### Records for processing

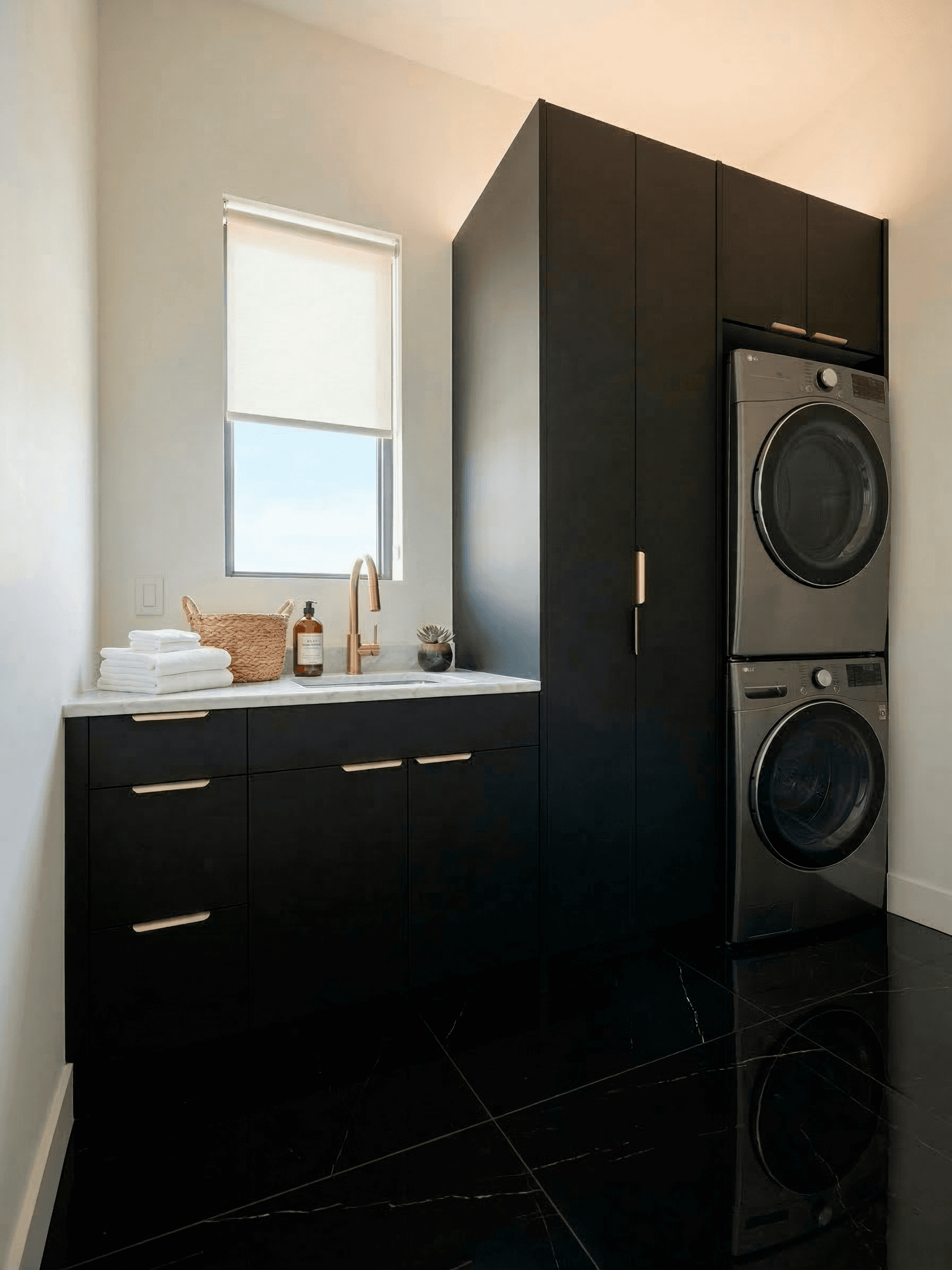 Polished laundry with custom cabinetry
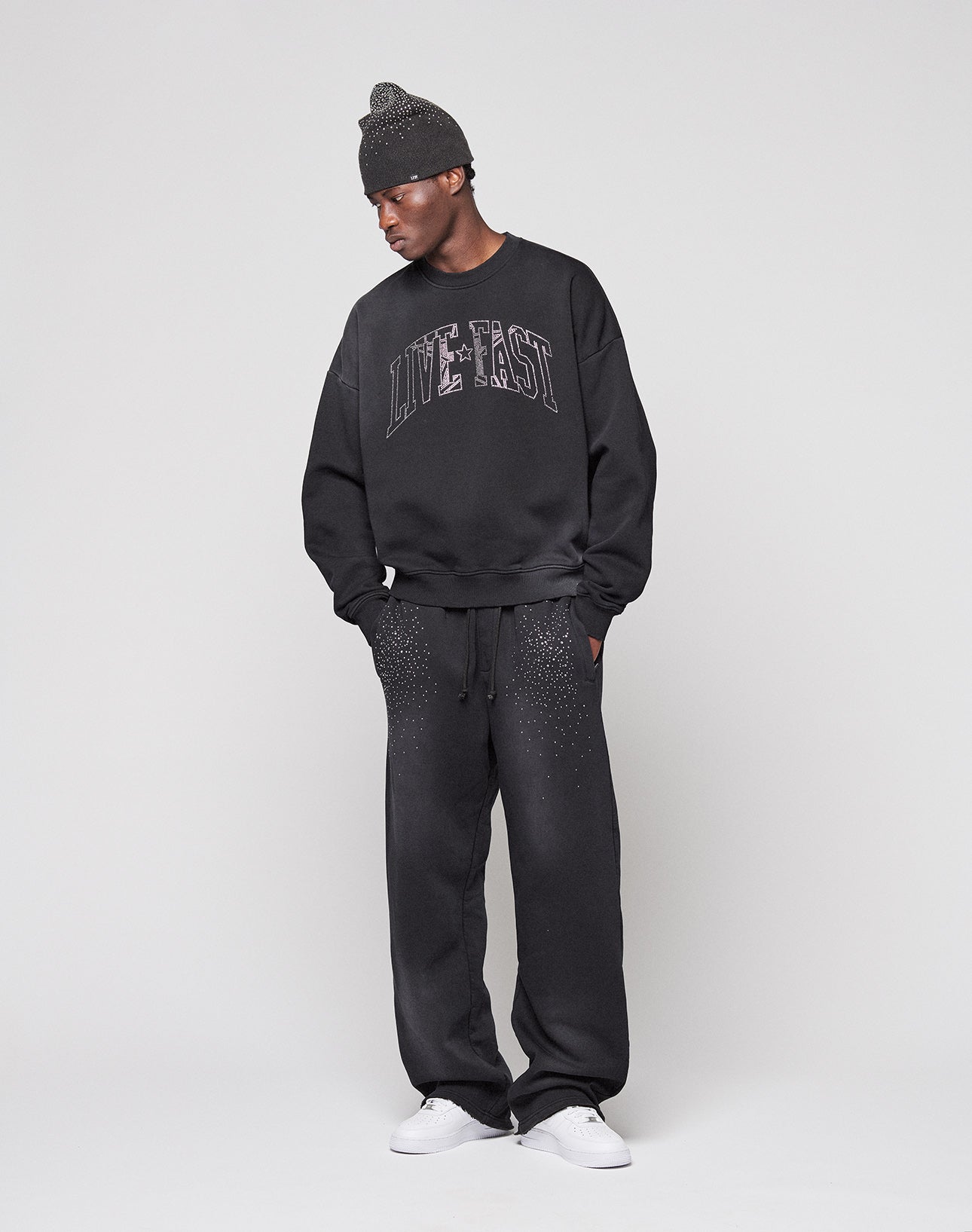 A person in a black beanie, LIVE FAST DIE YOUNG's Live Fast Rhinestone Sweater (oversized fit), black sweatpants with white specks, and white sneakers stands against a plain light background.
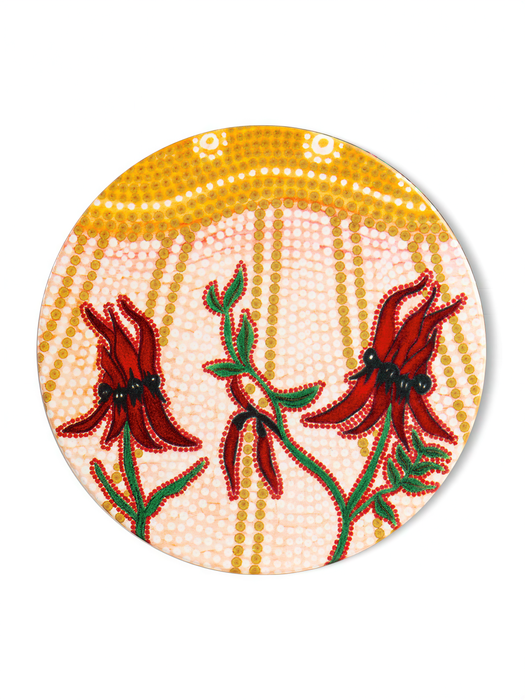 The image is a circular plate with a vibrant floral design featuring red flowers and green leaves against a yellow background with white dots.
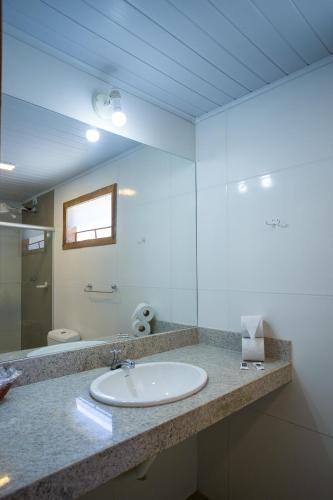 a bathroom with a sink and a mirror at Pousada Aldeia Portuguesa in Coroa Vermelha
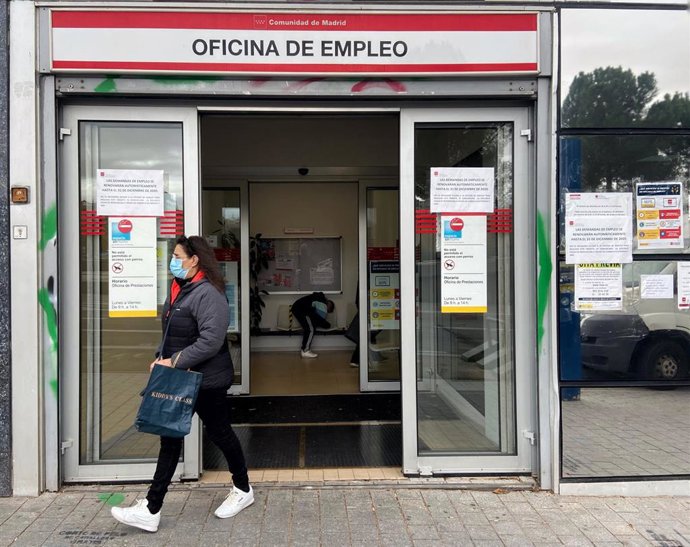 Una mujer sale de una oficina de empleo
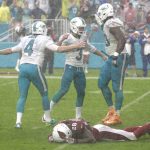 Miami Dolphins tackle Ja'Wuan James (70) and punter Matt Darr (4) congratulate Miami Dolphins kicker Andrew Franks (3, after Franks scored a field goal to win the game, during the second half of an NFL football game, Sunday, Dec. 11, 2016, in Miami Gardens, Fla. To the bottom is Arizona Cardinals cornerback Justin Bethel (28). The Dolphins defeated the Cardinals 26-23. (AP Photo/Wilfredo Lee)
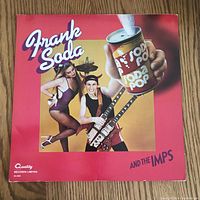 Front cover of Frank Soda and the Imps vinyl LP record showing a man with a double-neck guitar and a woman with a large soda can graphic.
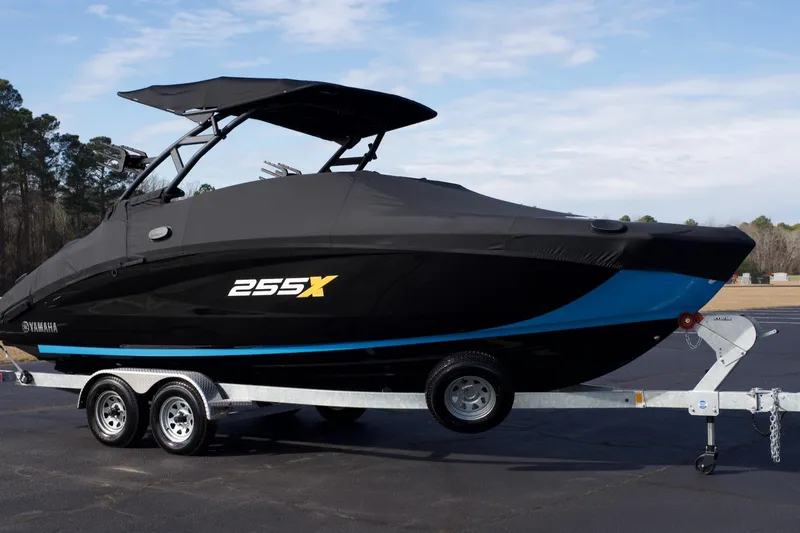 Slide: The Image of 2023 Yamaha Boats 255XD on trailer, covered, with sleek black and blue design. - 2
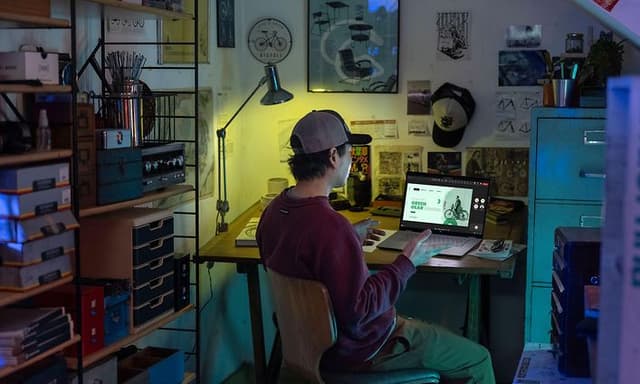 Computing - AI PC - Young man sitting by his desk using a laptop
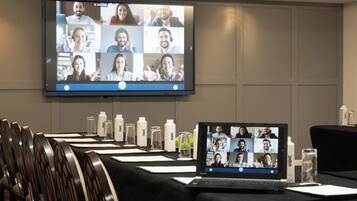 A conference room with a large screen displaying a video conference, a laptop, and several chairs arranged around a table with water bottles and papers.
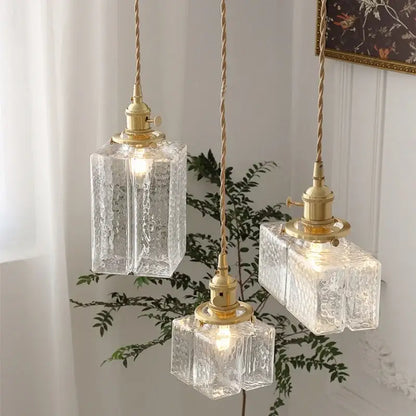 Modern brass clear glass led pendant light with textured decorbites clear glass and twisted cord for dining room decor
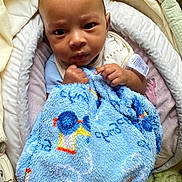 Semaj joined the competition — help win amazing prizes! baby, blanket, blue, child, clothing, comfort, cushion, expression, face, hand, indoor, infant, person, portrait, seat, soft, toddler, toy, warm, young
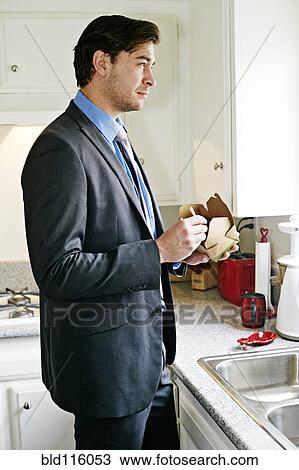 Stock Image - Caucasian businessman eating take out food. Fotosearch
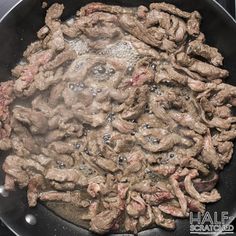 meat is cooking in a wok on the stove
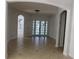 Spacious entryway with tile floors and double French doors at 2802 Quiet Water Trl, Kissimmee, FL 34744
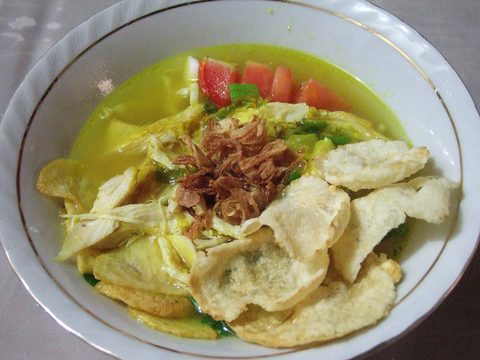 Representative photograph of Soto Ayam. The photograph includes crackers and fried shallots not included in this recipe.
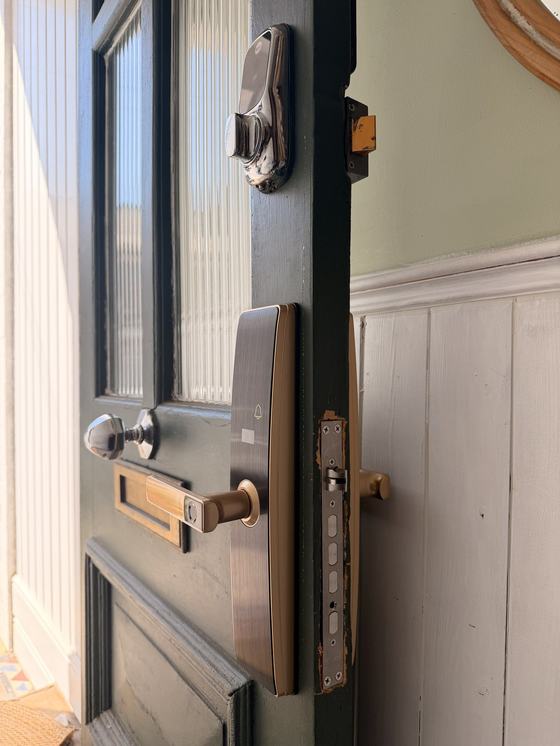 The finished door seen from inside: the original Yale nightlatch above, the new smart lock below it, and the lock body visible in the freshly cut door edge.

######

**What is expected:**
Repeat the listing exactly, pictures excluded.

**Answer space:**
 Polished laundry with custom cabinetry
 A person in a black beanie, LIVE FAST DIE YOUNG's Live Fast Rhinestone Sweater (oversized fit), black sweatpants with white specks, and white sneakers stands against a plain light background.
 The image is a circular plate with a vibrant floral design featuring red flowers and green leaves against a yellow background with white dots.
 a bathroom with a sink and a mirror at Pousada Aldeia Portuguesa in Coroa Vermelha
 Una mujer sale de una oficina de empleo
 Miami Dolphins tackle Ja'Wuan James (70) and punter Matt Darr (4) congratulate Miami Dolphins kicker Andrew Franks (3, after Franks scored a field goal to win the game, during the second half of an NFL football game, Sunday, Dec. 11, 2016, in Miami Gardens, Fla. To the bottom is Arizona Cardinals cornerback Justin Bethel (28). The Dolphins defeated the Cardinals 26-23. (AP Photo/Wilfredo Lee)
 Front cover of Frank Soda and the Imps vinyl LP record showing a man with a double-neck guitar and a woman with a large soda can graphic.
 Slide: The Image of 2023 Yamaha Boats 255XD on trailer, covered, with sleek black and blue design. - 2
 Computing - AI PC - Young man sitting by his desk using a laptop
 A conference room with a large screen displaying a video conference, a laptop, and several chairs arranged around a table with water bottles and papers.
 Modern brass clear glass led pendant light with textured decorbites clear glass and twisted cord for dining room decor
 Semaj joined the competition — help win amazing prizes! baby, blanket, blue, child, clothing, comfort, cushion, expression, face, hand, indoor, infant, person, portrait, seat, soft, toddler, toy, warm, young
 Stock Image - Caucasian businessman eating take out food. Fotosearch
 meat is cooking in a wok on the stove
 Spacious entryway with tile floors and double French doors at 2802 Quiet Water Trl, Kissimmee, FL 34744
 Representative photograph of Soto Ayam. The photograph includes crackers and fried shallots not included in this recipe.
 The finished door seen from inside: the original Yale nightlatch above, the new smart lock below it, and the lock body visible in the freshly cut door edge.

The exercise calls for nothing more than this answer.